[WHAT IS EXPECTED]: Using the data that follows, give again word for word the lines between the one holding "MAXIMO MOORINGS - Residential Lease" and the one holding "Rare vintage 1987", inclusive. Omit the pictures.

[TASK INPUT]:
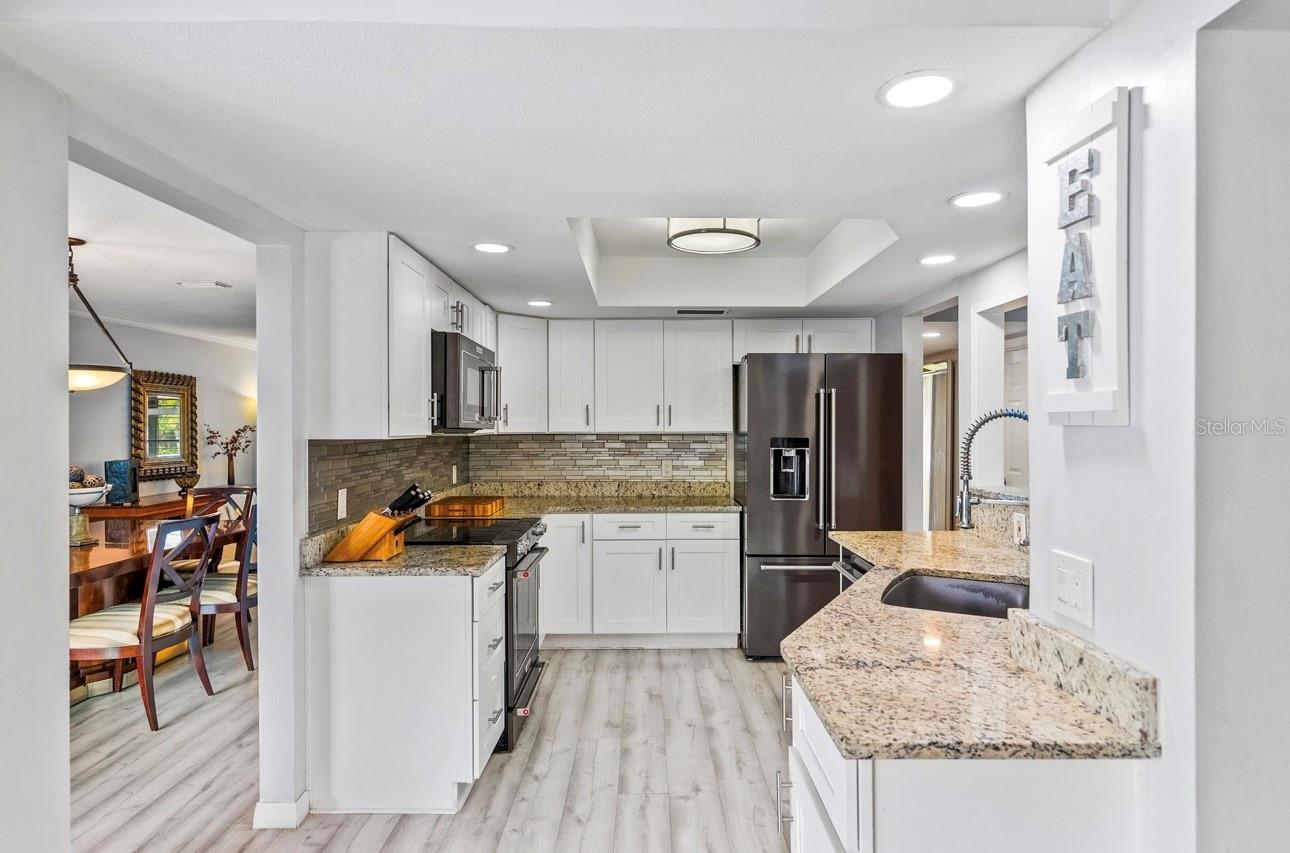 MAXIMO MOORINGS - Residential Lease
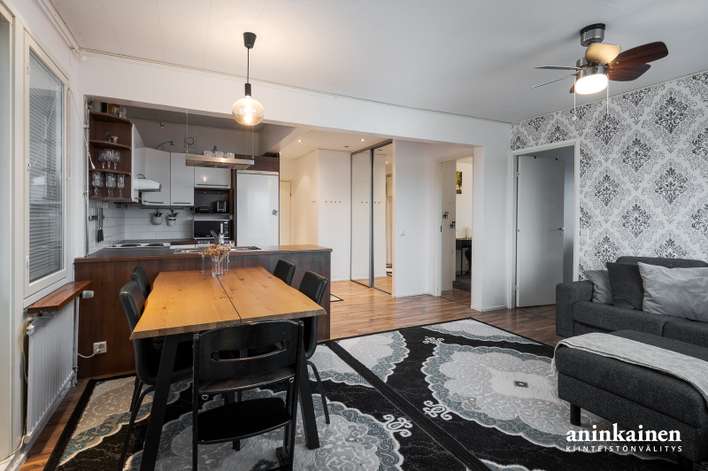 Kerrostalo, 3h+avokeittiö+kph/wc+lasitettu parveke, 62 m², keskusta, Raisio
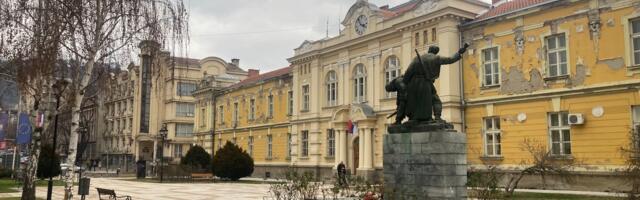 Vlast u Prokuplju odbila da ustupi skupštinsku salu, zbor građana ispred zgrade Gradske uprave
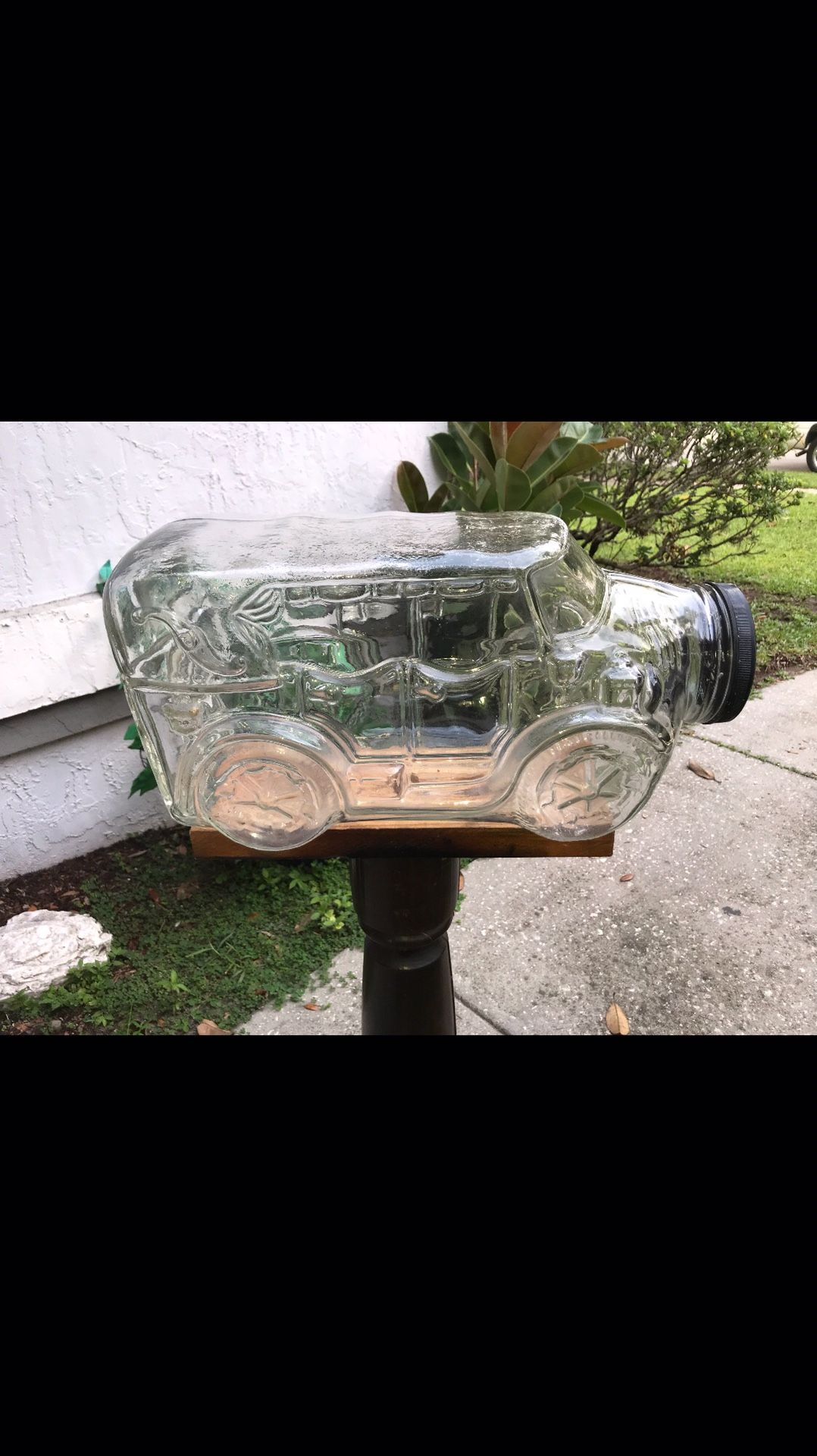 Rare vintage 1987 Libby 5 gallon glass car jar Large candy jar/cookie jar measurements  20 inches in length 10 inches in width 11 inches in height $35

* * *

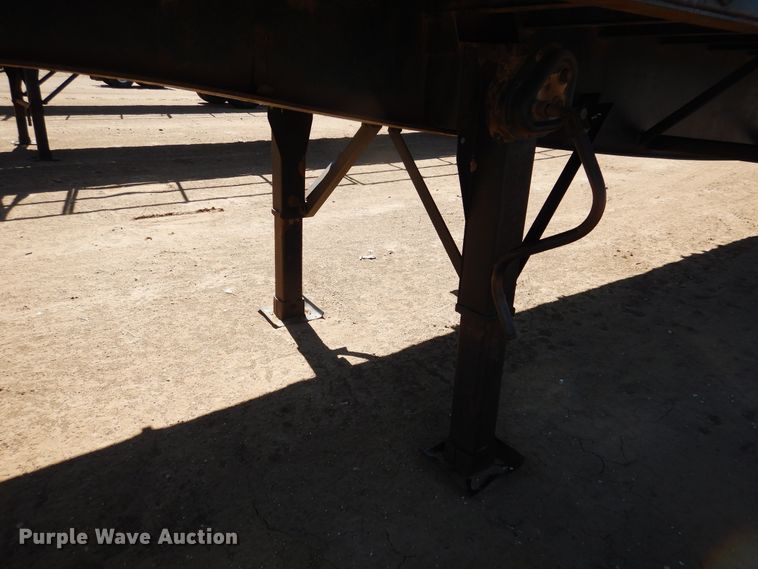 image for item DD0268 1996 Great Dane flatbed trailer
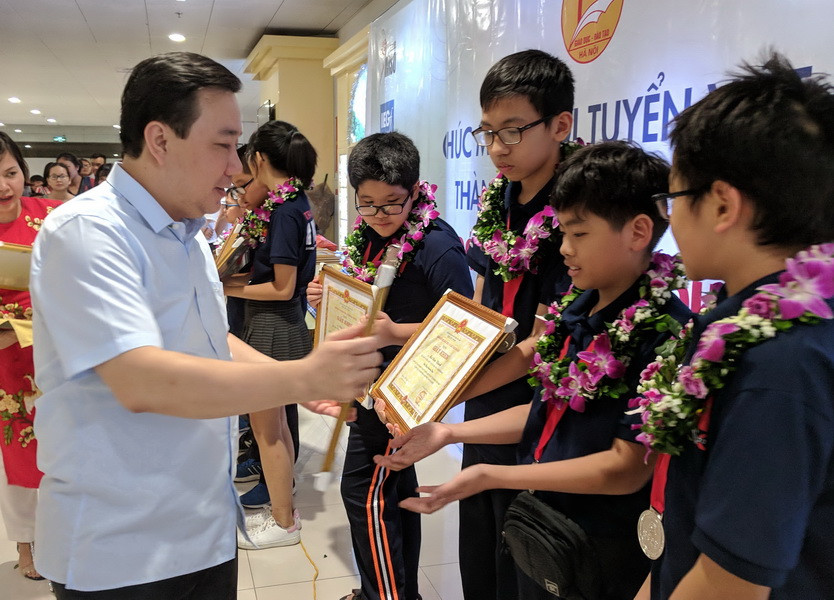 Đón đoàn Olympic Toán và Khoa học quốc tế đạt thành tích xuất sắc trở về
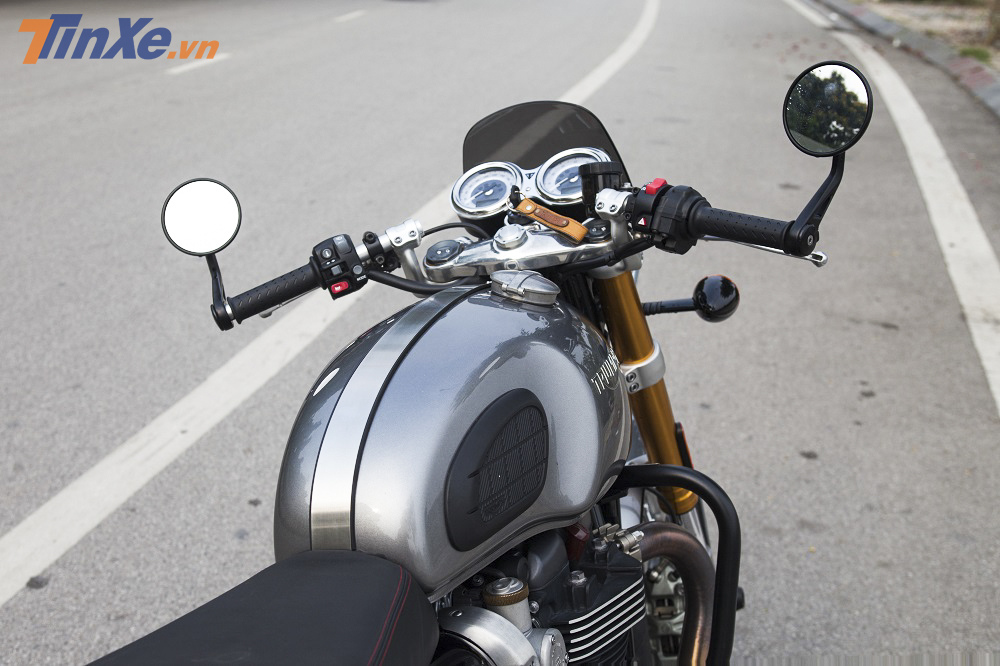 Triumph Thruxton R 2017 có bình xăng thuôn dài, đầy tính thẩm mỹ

[WRITTEN RESPONSE]:
 MAXIMO MOORINGS - Residential Lease
 Kerrostalo, 3h+avokeittiö+kph/wc+lasitettu parveke, 62 m², keskusta, Raisio
 Vlast u Prokuplju odbila da ustupi skupštinsku salu, zbor građana ispred zgrade Gradske uprave
 Rare vintage 1987 Libby 5 gallon glass car jar Large candy jar/cookie jar measurements  20 inches in length 10 inches in width 11 inches in height $35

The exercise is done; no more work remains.